Technical note on the calculation of the baseline for the Detect Cancer Early HEAT target

This technical note details the rationale behind the choice of data source for, and method of calculation of, the basleine for the Detect Cancer Early HEAT target.

3. Data sources

3.1 There are two principal datasets used to record stage of diagnosis in patients with cancer. These are cancer registry and cancer audit data.

3.2 Cancer registry is compiled by ISD staff and uses multiple sources of electronic data such as hospital discharge records, pathology records, death records, etc. to create individual cancer registry records. It is population-based and does not gather an over-ambitious amount of data as this may risk reducing the data quality of the most important variables. Another important benefit is that the data set remains reasonably stable over time. These characteristics (as well as a very clear set of guiding principles) also support international comparisons.

3.3 Considerable effort is expended to maximise case ascertainment including cases that may never undergo any treatment. There are a relatively high proportion of records in this data set where staging is unknown due to the complexity of pulling together the different information sources.
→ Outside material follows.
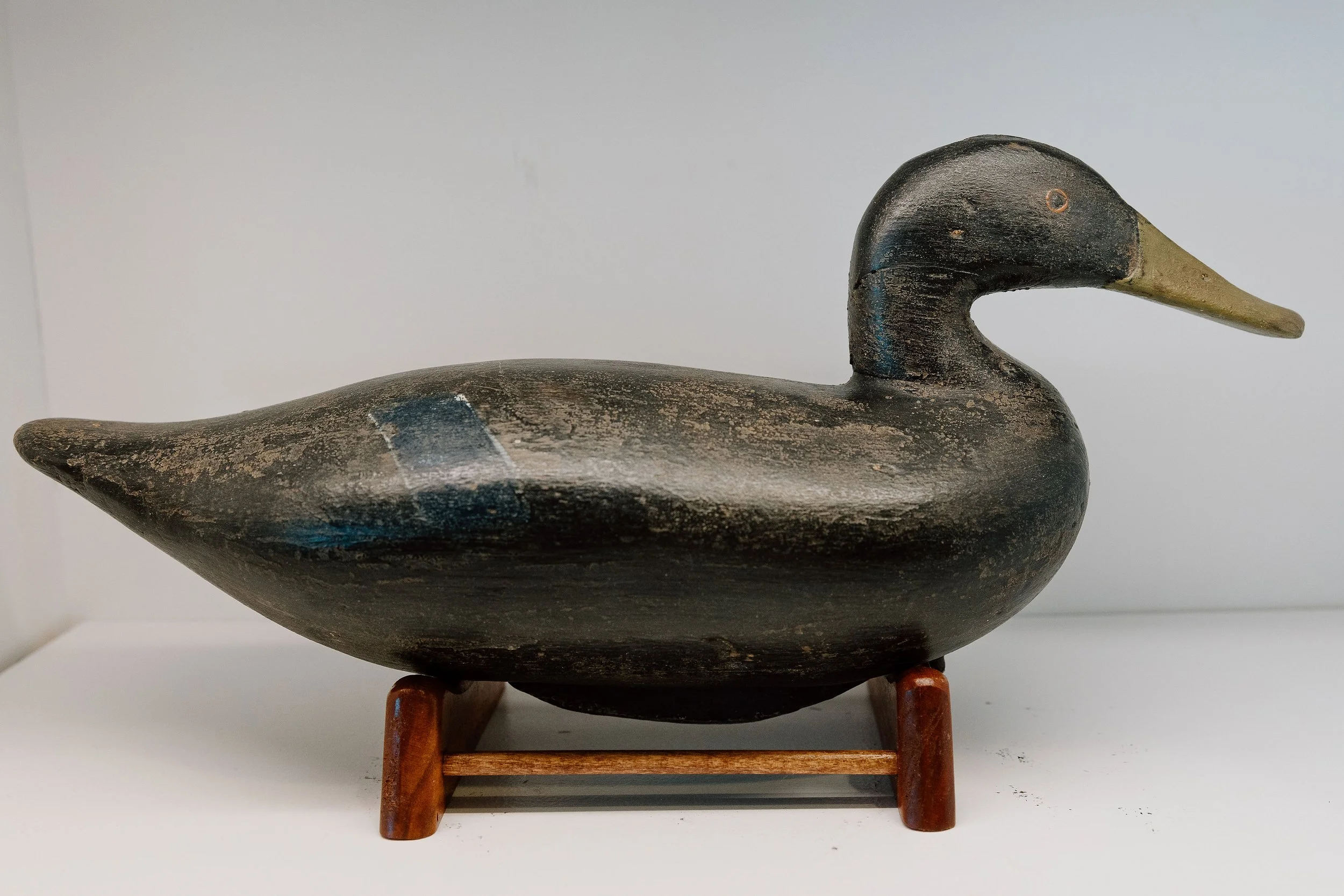 James T. Holly, Black Duck, Early 1900s (Copy)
3.4 The intricate nature of this task also means it takes a long time to compile the data in to cancer registries. The data is therefore not able to be published until in excess of one year following derivation - for example, data for 2010 was published in Summer 2012 (and staging data was not published with this release). Such a delay in the publication of information is not ideal for use in monitoring progress against the HEAT target. Real time information is more appropriate for the operation of the DCE Programme so the impact of interventions such as the national and local public awareness campaigns and the initiatives to improve cancer screening uptake can be assessed and improved upon.

3.5 Cancer registry data have to meet the needs of many users including policy makers, epidemiologists, researchers, geneticists, and health services managers and clinicians. The data are used for a very wide array of purposes, and are collected according to international standards to facilitate international comparisons of incidence and survival.

3.6 More information on cancer registry data can be found here:

3.7 Cancer audit data have only been gathered much more recently and are collected directly by NHS Boards. Due to the close working relationships between clinicians and audit staff staging data is more complete for cancer audit data than for cancer registry.

3.8 A further benefit of cancer audit data is that it focuses on selected single types of cancer (and does not necessarily cover every histological subtype of cancer). This makes it easier to collect a more detailed data set without compromising the integrity of the most important data items. However, as the focus of the data collection is around monitoring performance and informing clinical decisions around treatment there is not the same requirement to collect information on all cases where there has been a diagnosis of cancer. So, for example, people diagnosed for the first time at post-mortem would not be included in the data set.

3.9 Although there is considerable overlap with data items within the Cancer Registry data set, the additional need for in-depth clinical and pathological information means the reason for collecting it is quite different in nature. The data is also used to inform Quality Performance Indicators (3), a critical work stream for the Scottish Cancer Taskforce.

3.10 The differences between cancer audit and cancer registry data are summarised in Annex A.